Close up view of mediator and client writing settlement agreement

Mediated Settlement Agreements

Mediated Settlement Agreements “More Binding than Contracts”

Posted on May 22, 2012 by Jimmy Verner

The Texas Family Code includes several dispute-resolution methods. Among them are arbitration, collaborative law, and mediation.

When a divorce case is resolved by mediation, the parties and their attorneys sign a Mediated Settlement Agreement. A Mediated Settlement Agreement cannot be revoked if it provides “in a prominently displayed statement that is in boldfaced type or capital letters or underlined.” Tex. Fam. Code § 6.602(b)(1). Toler v. Sanders, No. 01-11-00126-CV (Tex. App. – Houston [1st Dist.] May 17, 2012, n.p.h.).

The Family Code continues:

If a mediated settlement agreement meets the requirements of this section, a party is entitled to judgment on the mediated settlement agreement notwithstanding Rule 11, Texas Rules of Civil Procedure, or another rule of law.

Tex. Fam.
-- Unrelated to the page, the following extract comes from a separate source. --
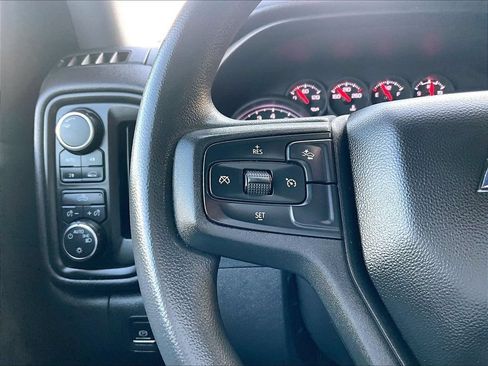 Used 2023 Chevrolet Silverado 1500 Custom AWD/4WD image 22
Code § 6.602(c).

Houston’s First District Court of Appeals applied these Code provisions to a Mediated Settlement Agreement. The husband claimed that the Mediated Settlement Agreement was supposed to divide one of his two retirement funds equally but that he was supposed to receive 100% of the other retirement fund.
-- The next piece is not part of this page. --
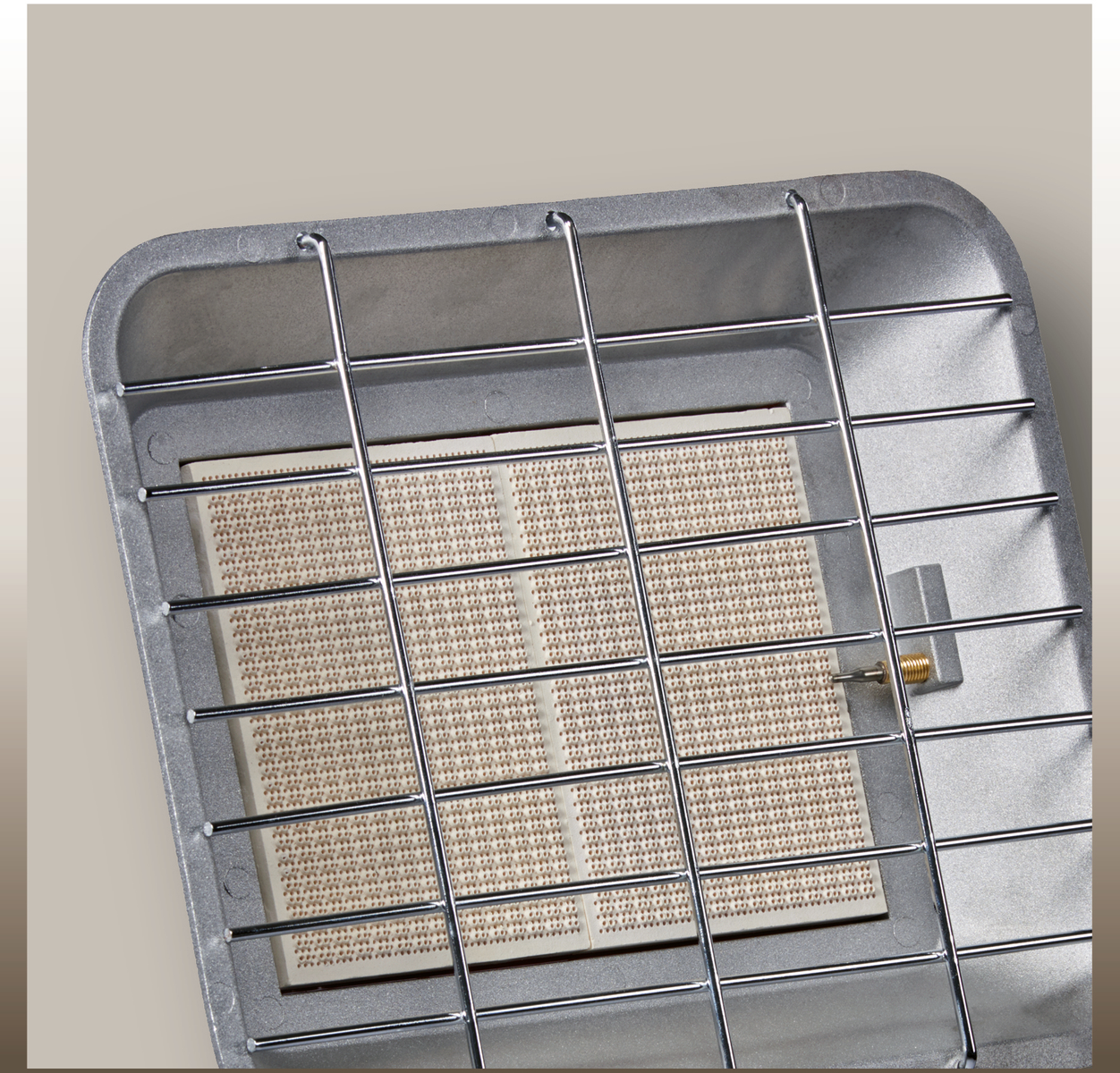 Bruciatore per grill a gas, primo piano. Telaio in metallo e piastra in ceramica.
The Mediated Settlement Agreement stated: “Parties agree to award wife 50% of the community property of [husband’s] Rail Road Retirement benefits, with a stop date of September 27, 2010.”

The trial court signed a judgment based on the language of the Mediated Settlement Agreement.

The Houston Court affirmed the trial court: It held that a Mediated Settlement Agreement is more binding than a basic written contract because, except when a party has procured the settlement through fraud or coercion, nothing either party does will modify or void the agreement once everyone has signed it. (quoting In the Matter of the Marriage of Joyner, 196 S.W.3d 883 (Tex. App. – Texarkana 2006, pet. denied).

Even though the husband claimed that the Mediated Settlement was ambiguous and that there was a mistake about its terms, the Mediated Settlement Agreement was clear on its face and thus was enforced to divide both retirement accounts equally between the parties.